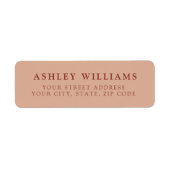 Stoffige Roze Minimalistische Elegante Retourstick Etiket (Voorkant)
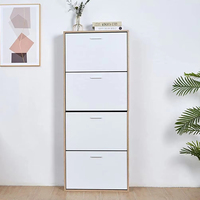 Armoire à chaussures en bois à 4 niveaux Organisateur de rangement de chaussures pour l'entrée de la maison Couloir Armoire à chaussures en bois à 4 niveaux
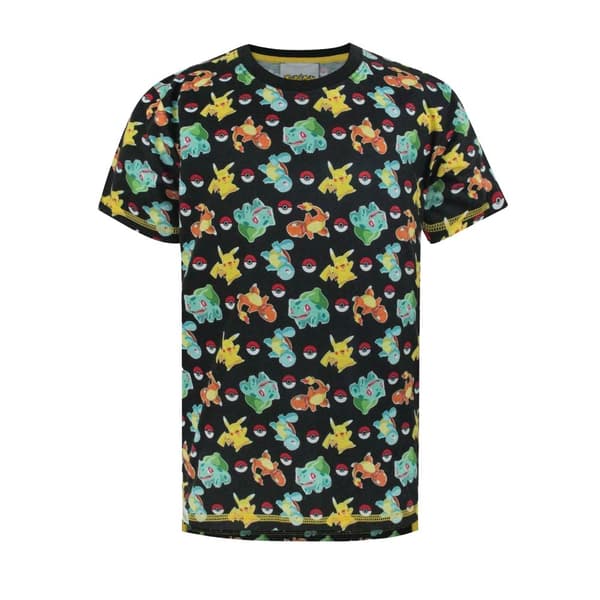 Pokemon Boys Starters Sublimated T-Shirt Black 3-4 Years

^^^^

Return the full set of lines above word for word and with no pictures.

- [Response below]:
 Stoffige Roze Minimalistische Elegante Retourstick Etiket (Voorkant)
 Armoire à chaussures en bois à 4 niveaux Organisateur de rangement de chaussures pour l'entrée de la maison Couloir Armoire à chaussures en bois à 4 niveaux
 Pokemon Boys Starters Sublimated T-Shirt Black 3-4 Years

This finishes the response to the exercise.